**Work order**
Starting at the first line of the entries below, restate each line exactly until you reach the line with "Gezeigt wird das", and print that one too. Leave the pictures out and stop there.
++++ Material provided ++++
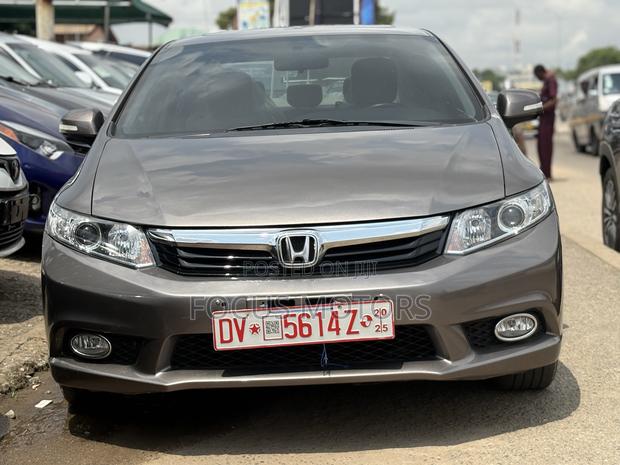 Honda Civic EX-L 2dr Coupe (1.8L 4cyl CVT) 2014 Gold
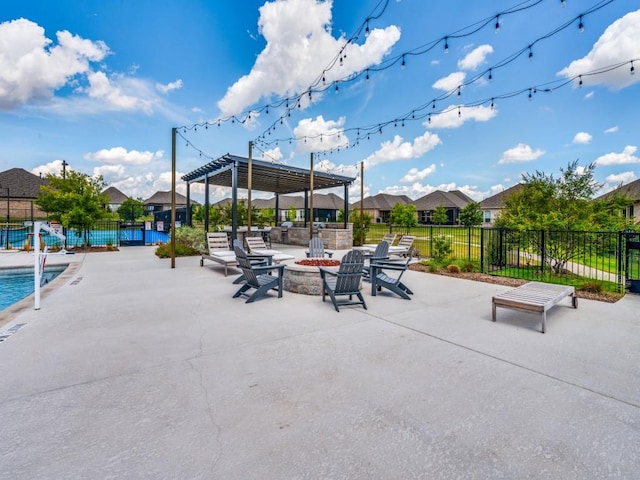 view of patio / terrace with an outdoor fire pit, fence, a community pool, a pergola, and a residential view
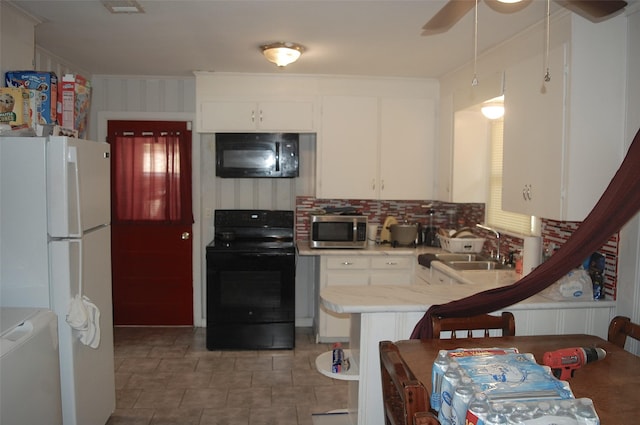 kitchen featuring sink, crown molding, white cabinetry, black appliances, and kitchen peninsula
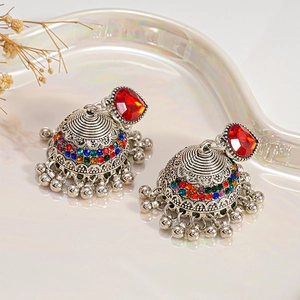 Detailed view of silver Jhumka earrings with multicolor rhinestones on iridescent tray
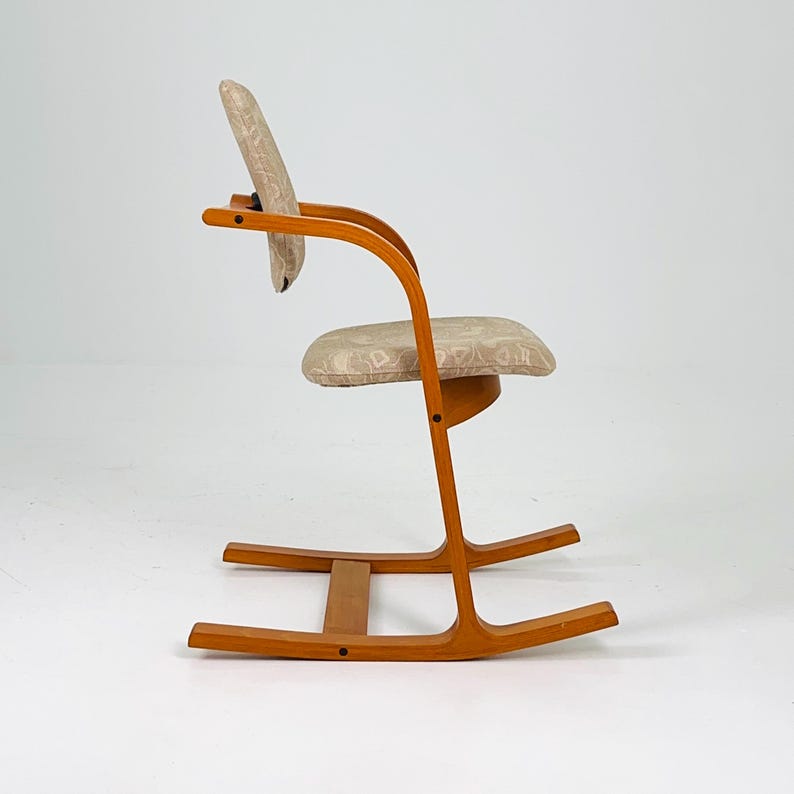Pode incluir: Cadeira de baloi&ccedil;o de madeira com estrutura curva e assento e encosto estampados. A cadeira tem um acabamento castanho claro e um design minimalista, adequado para decora&ccedil;&atilde;o de interiores.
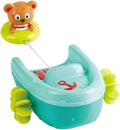 Toy boat with a bear character on a white background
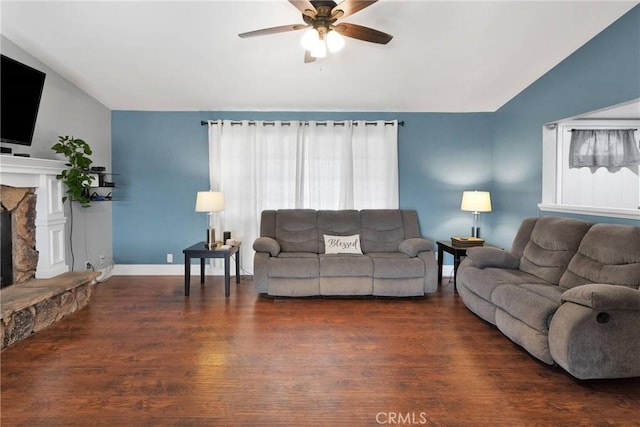 living room featuring baseboards, lofted ceiling, ceiling fan, wood finished floors, and a fireplace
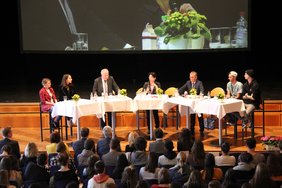 Gezeigt wird das Podium auf der Bühne der Stadthalle. Im Vordergrund die Zuhörer.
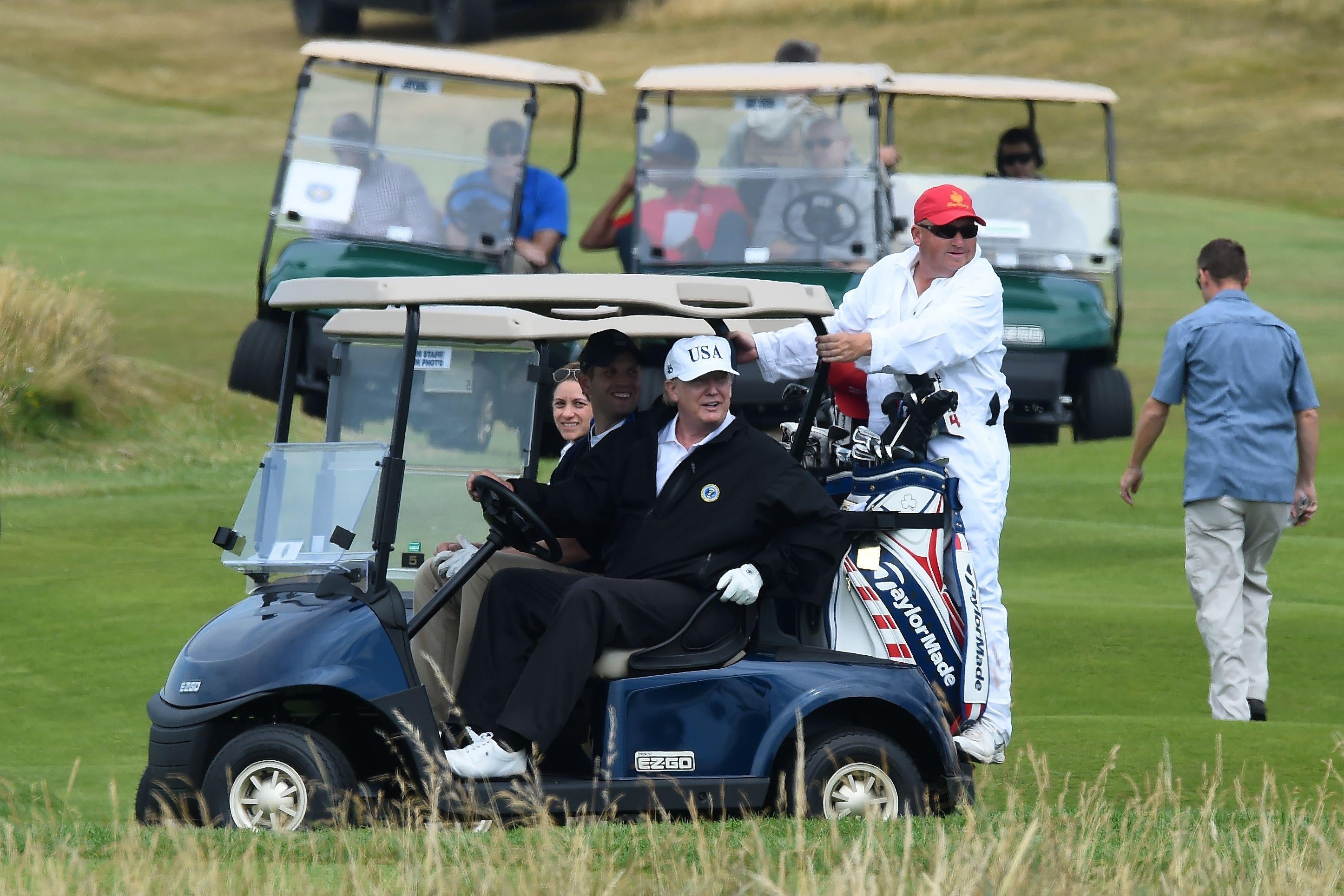 US President Donald Trump (C) sits in a golf cart as he plays a round of golf on the Ailsa course at Trump Turnberry, the luxury golf resort of US President Donald Trump, in Turnberry, southwest of Glasgow, Scotland on July 14, 2018, during the private part of his four-day UK visit. - US President Donald Trump wraps up a four-day visit to Britain, dominated by his blasting of Prime Minister Theresa May's Brexit strategy, by spending the weekend in Scotland. (Photo by ANDY BUCHANAN / AFP)        (Photo credit should read ANDY BUCHANAN/AFP/Getty Images)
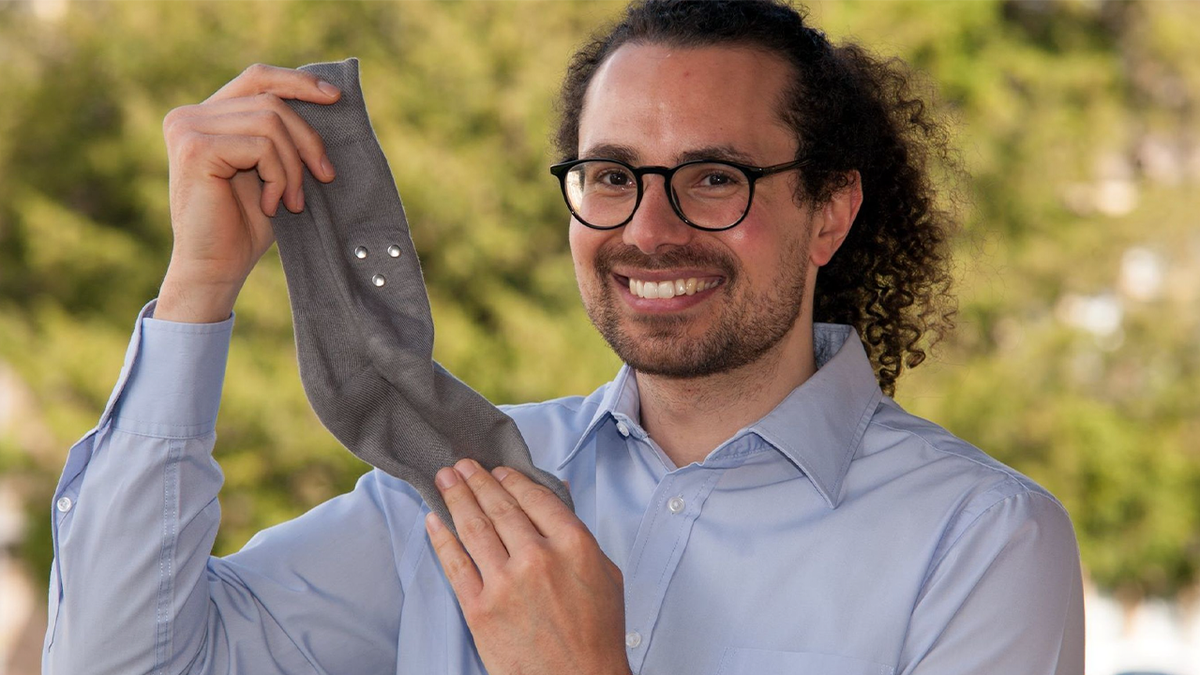 SmartSocks exec holding up company product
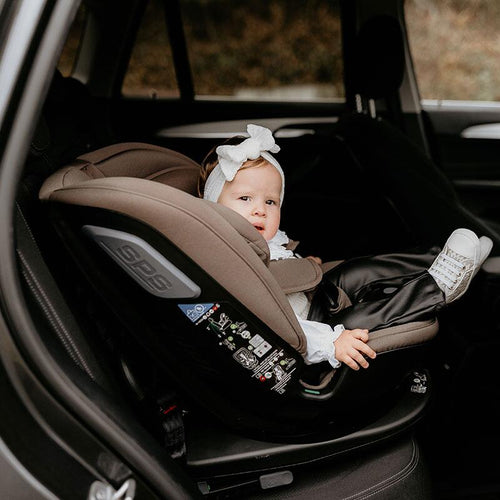 Nachdenklich schauendes Baby in taupefarbenem Kindersitz, Tür des Autos offen, innen sichtbar.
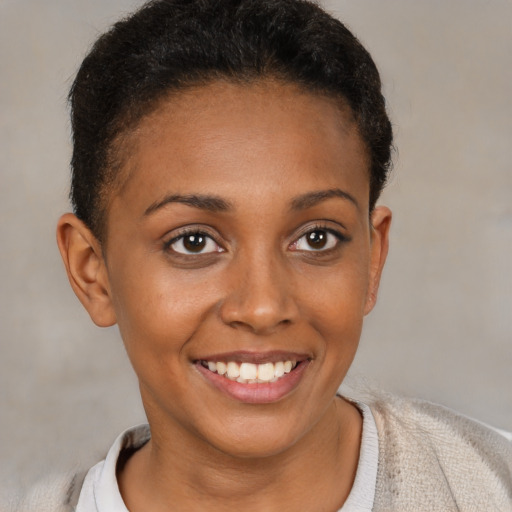 Joyful black young-adult female with short  brown hair and brown eyes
++++
**Task result**
 Honda Civic EX-L 2dr Coupe (1.8L 4cyl CVT) 2014 Gold
 view of patio / terrace with an outdoor fire pit, fence, a community pool, a pergola, and a residential view
 kitchen featuring sink, crown molding, white cabinetry, black appliances, and kitchen peninsula
 Detailed view of silver Jhumka earrings with multicolor rhinestones on iridescent tray
Pode incluir: Cadeira de baloi&ccedil;o de madeira com estrutura curva e assento e encosto estampados. A cadeira tem um acabamento castanho claro e um design minimalista, adequado para decora&ccedil;&atilde;o de interiores.
 Toy boat with a bear character on a white background
 living room featuring baseboards, lofted ceiling, ceiling fan, wood finished floors, and a fireplace
 Gezeigt wird das Podium auf der Bühne der Stadthalle. Im Vordergrund die Zuhörer.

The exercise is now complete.